アナタだけの戦略資料もチャートで書いておこう。
上司や部下、同僚に「とても見せられない」部内の「立ち位置チャート」を作成して、あなたが仕事を、いかに迅速に、かつ、いかに難局を楽しんで処理するかについては、パワポのチャートを作成しておくと、全体像がはっきり見えることになる。
パワポは、横スライドがデフォルト設定されているが、私の場合、A4縦にアレンジしている。
印刷して、回報する際、ワードやエクセル文章と合わせるのに、A4縦サイズのパワポが、いちばん理解が得やすいと実感しているので。
4。まとめ(MSソフトで遊ぼう)
私の仕事の流儀は、難局を楽しむことにある。
わからない事例を、わかりやすく、そして、楽しく。
それが私の仕事のモットーであり、ワード、エクセル、パワポの三つは、ビジネスの武器であると同時に「あそび道具」でもある。
難しい案件が勃発しようがしまいが、ビジネスの局面において、テキスト化、デレクトリ―化、チャート化の三要素は必須スキルである。
パソコンに詳しいと自負する人は、結構、こうしたバランスを欠いている人が多い。
引継ぎ不可能なマクロを組んで、「ご立派な」エクセルファイルを作って、悦に浸るのは、とても厄介な存在である。
しょせん、ビジネスは、人間対人間、
いかに、短時間で、わかりやすく、ストレスフリーに事態を把握できることが、必要不可欠になってくる。
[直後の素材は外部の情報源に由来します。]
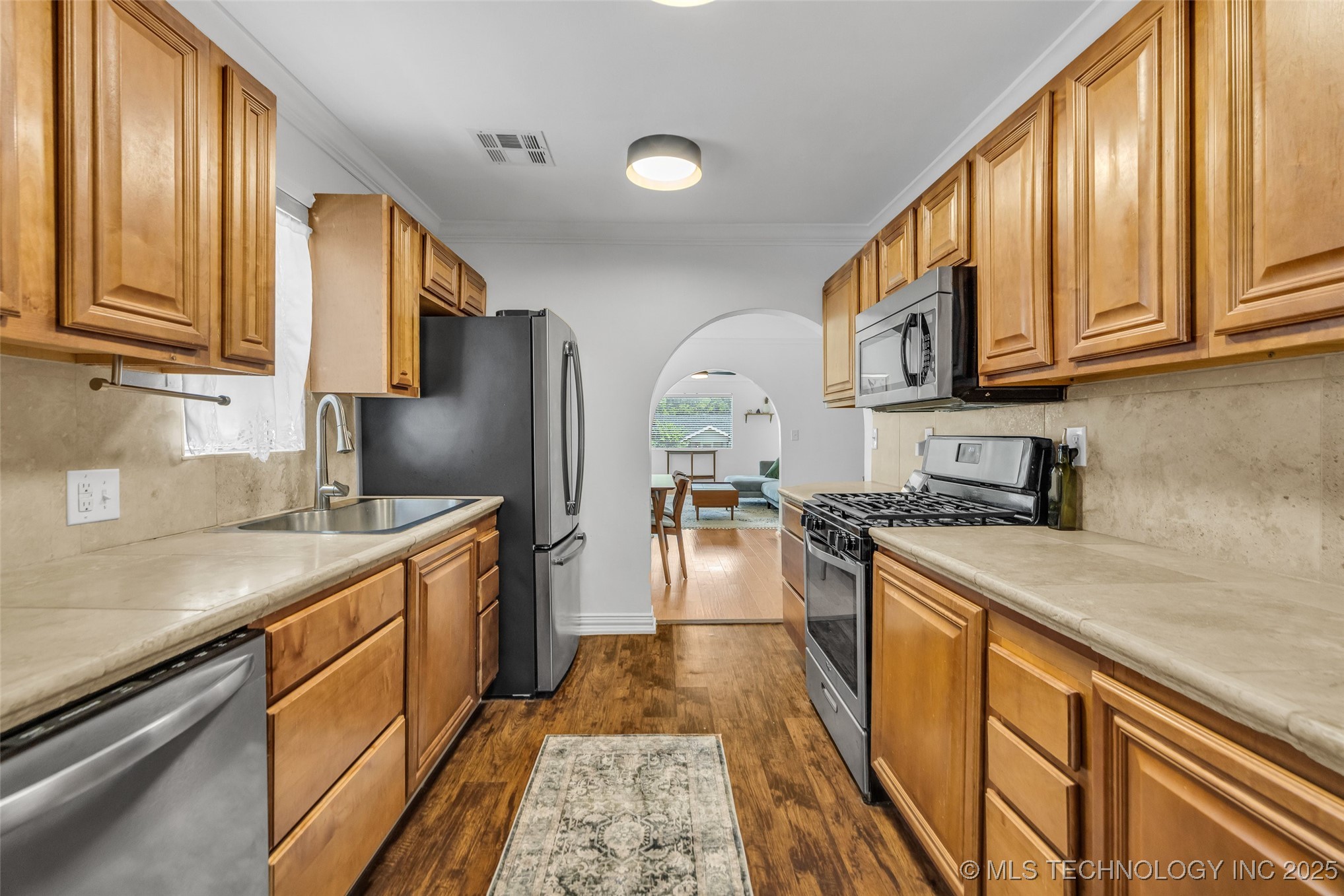 116 S Jamestown Avenue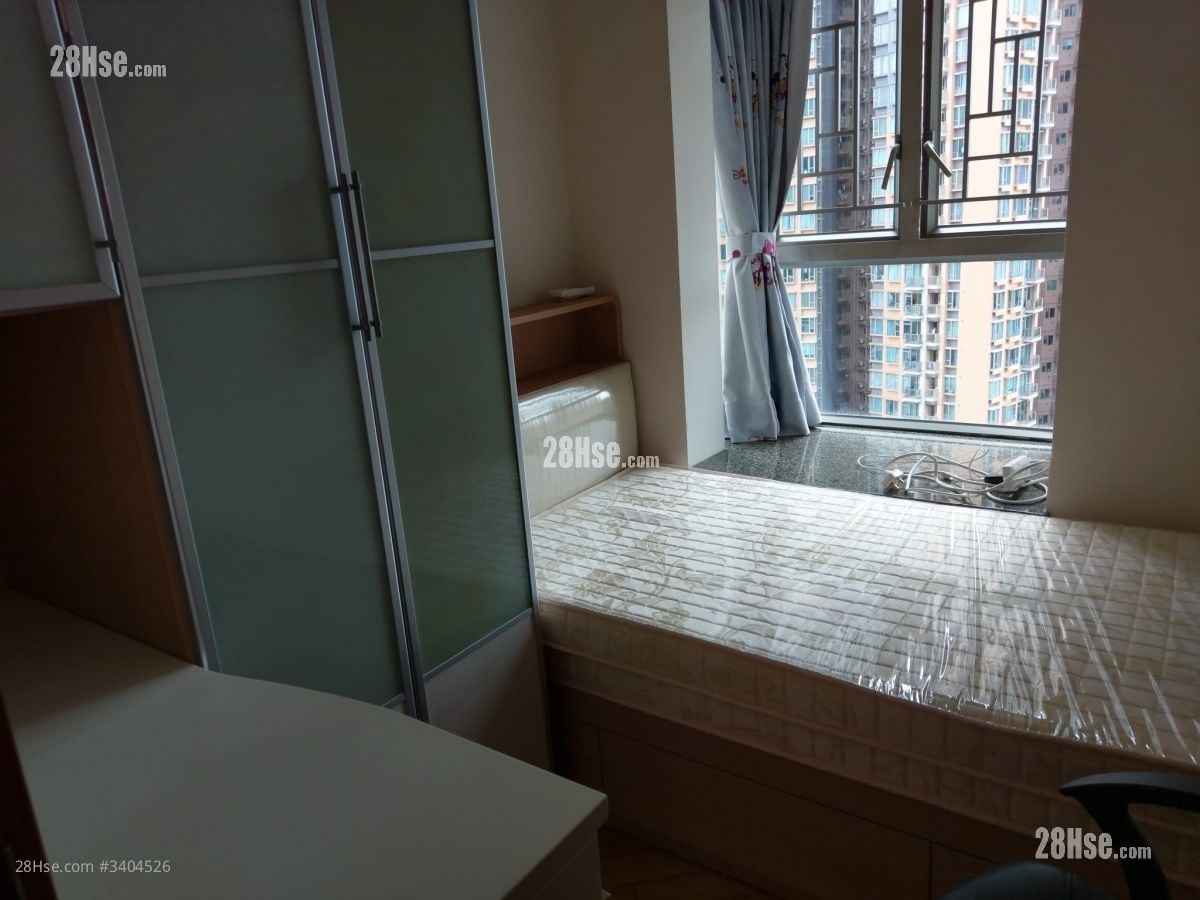 Park Central Rental 3 Bedrooms , 2 Bathrooms 645 ft²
MSソフトの三要素を駆使することで、それが可能になってくる。
ワードを使ってテキスト化するクセをつけよう。
エクセルを使ってデレクトリ―化を作成しよう。
パワポを使って案件をA4一枚で事態の「チャート化」を着手しよう。
仕事を通じて、MSソフトを駆使し、内なるクリエーター魂を発揮してみよう。